» DIRECTIONS FOR THIS TASK
Could you copy exactly the lines below, beginning at the line with "A Magic Wand" and stopping after the line with "Lycklig ung gravid kvinna utomhus- foto", with no pictures?

┌─ EXTRACTED ENTRIES

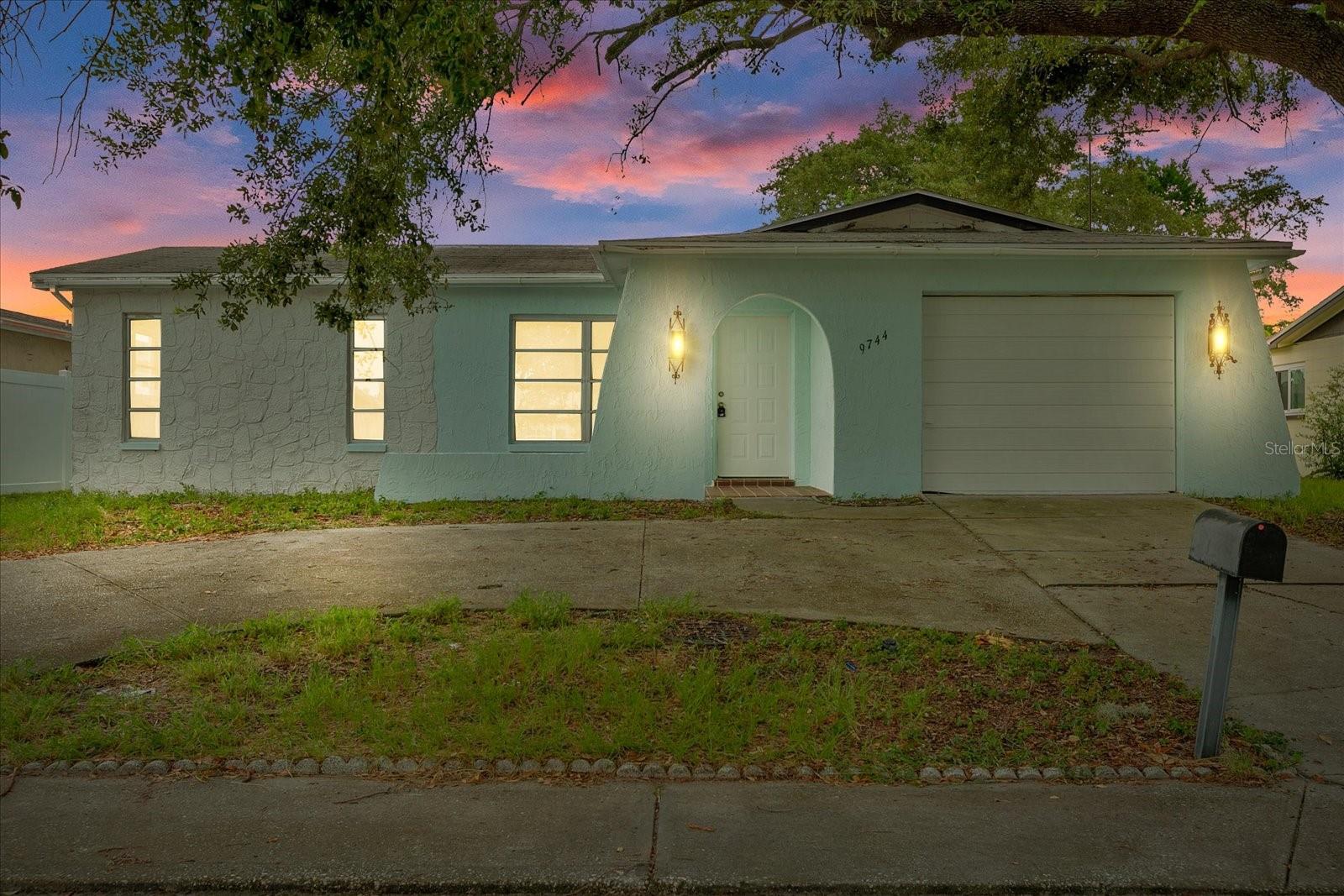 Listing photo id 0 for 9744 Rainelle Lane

└─
┌─ EXTRACTED ENTRIES

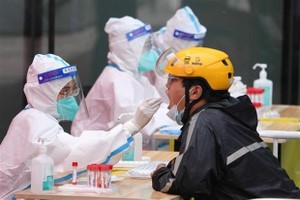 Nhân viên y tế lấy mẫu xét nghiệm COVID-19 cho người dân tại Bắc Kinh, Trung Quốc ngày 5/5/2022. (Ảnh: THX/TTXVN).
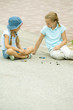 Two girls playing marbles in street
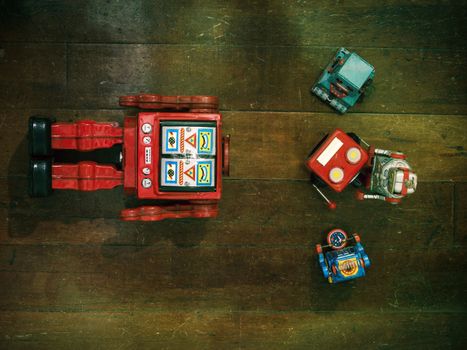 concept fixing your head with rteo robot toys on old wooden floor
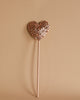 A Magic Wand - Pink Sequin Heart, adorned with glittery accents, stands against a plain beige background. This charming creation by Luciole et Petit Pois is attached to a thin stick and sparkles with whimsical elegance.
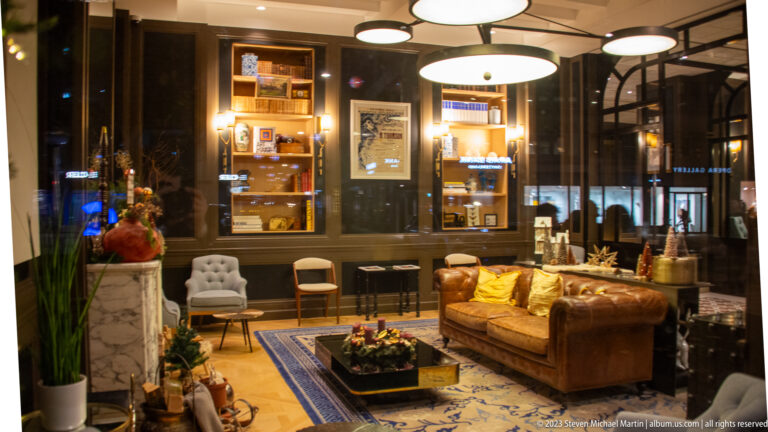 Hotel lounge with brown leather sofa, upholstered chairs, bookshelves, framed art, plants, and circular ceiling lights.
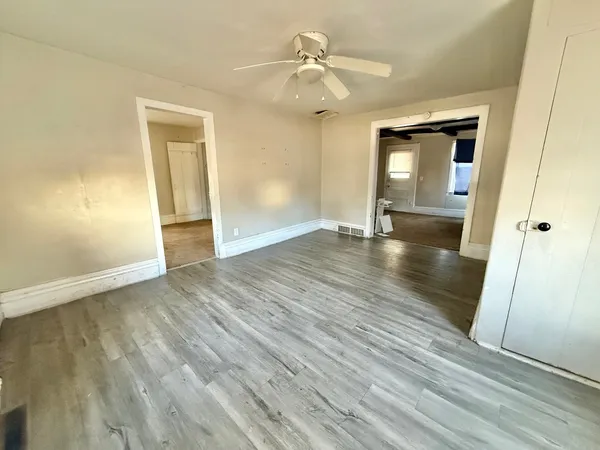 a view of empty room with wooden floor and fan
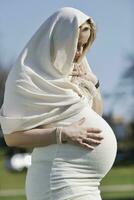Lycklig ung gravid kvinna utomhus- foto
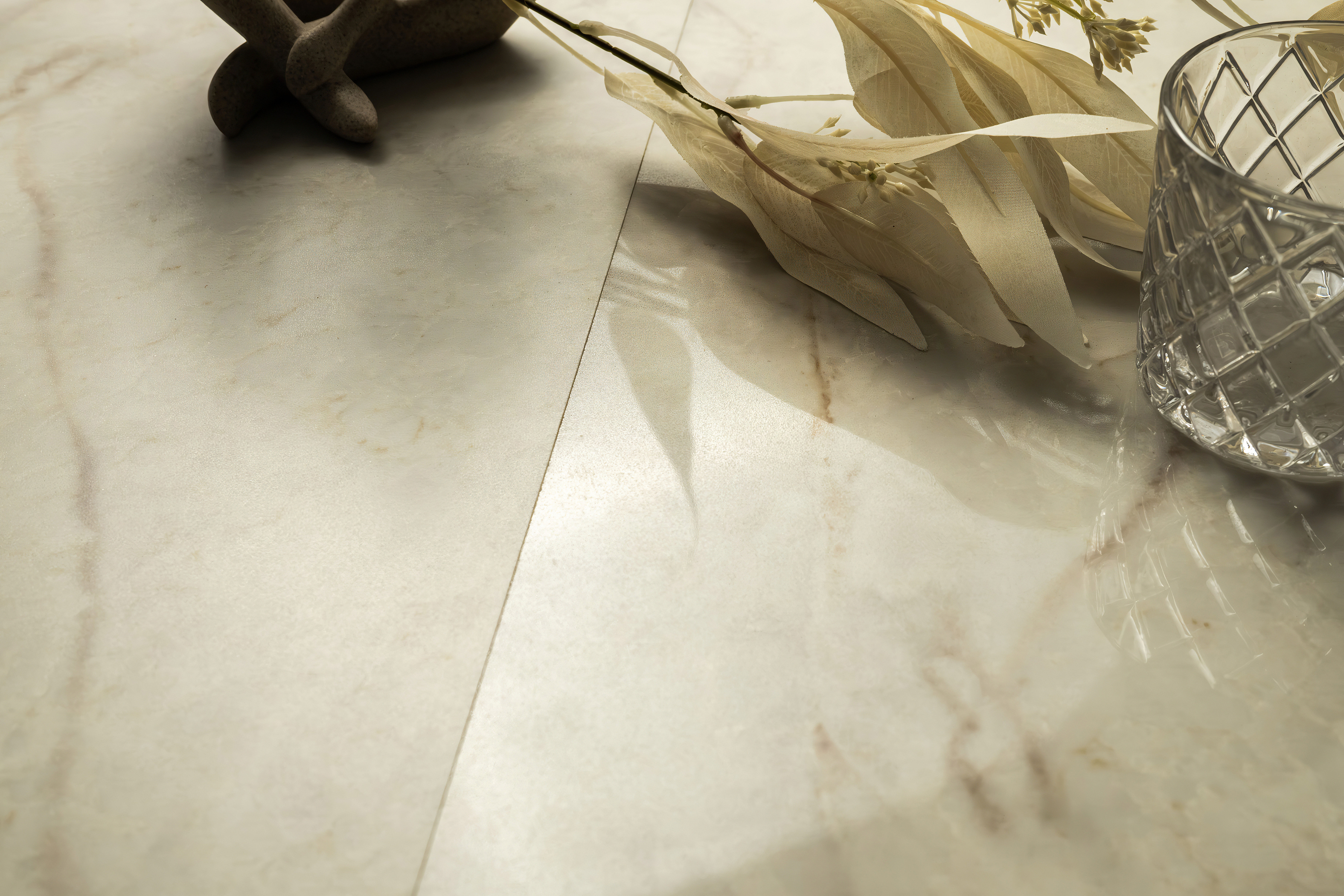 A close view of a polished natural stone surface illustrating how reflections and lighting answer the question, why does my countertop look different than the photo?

└─
┌─ EXTRACTED ENTRIES

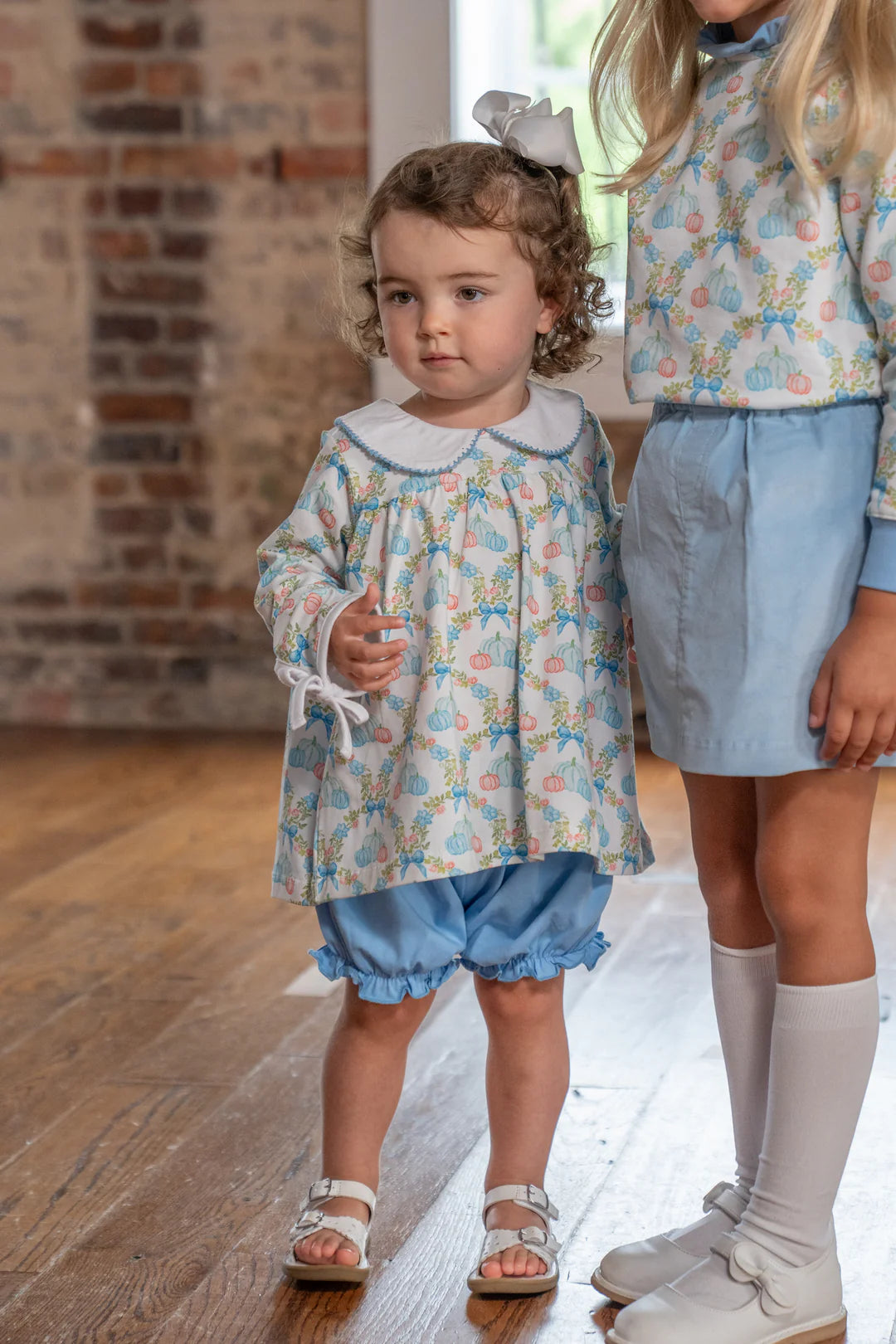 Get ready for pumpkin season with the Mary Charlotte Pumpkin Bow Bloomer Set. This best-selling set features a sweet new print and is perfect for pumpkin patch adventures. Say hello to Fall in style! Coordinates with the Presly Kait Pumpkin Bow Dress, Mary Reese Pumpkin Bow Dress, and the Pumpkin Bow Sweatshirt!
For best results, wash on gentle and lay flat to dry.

└─

» RESULT FOR THIS EXERCISE
 A Magic Wand - Pink Sequin Heart, adorned with glittery accents, stands against a plain beige background. This charming creation by Luciole et Petit Pois is attached to a thin stick and sparkles with whimsical elegance.
 Hotel lounge with brown leather sofa, upholstered chairs, bookshelves, framed art, plants, and circular ceiling lights.
 a view of empty room with wooden floor and fan
Lycklig ung gravid kvinna utomhus- foto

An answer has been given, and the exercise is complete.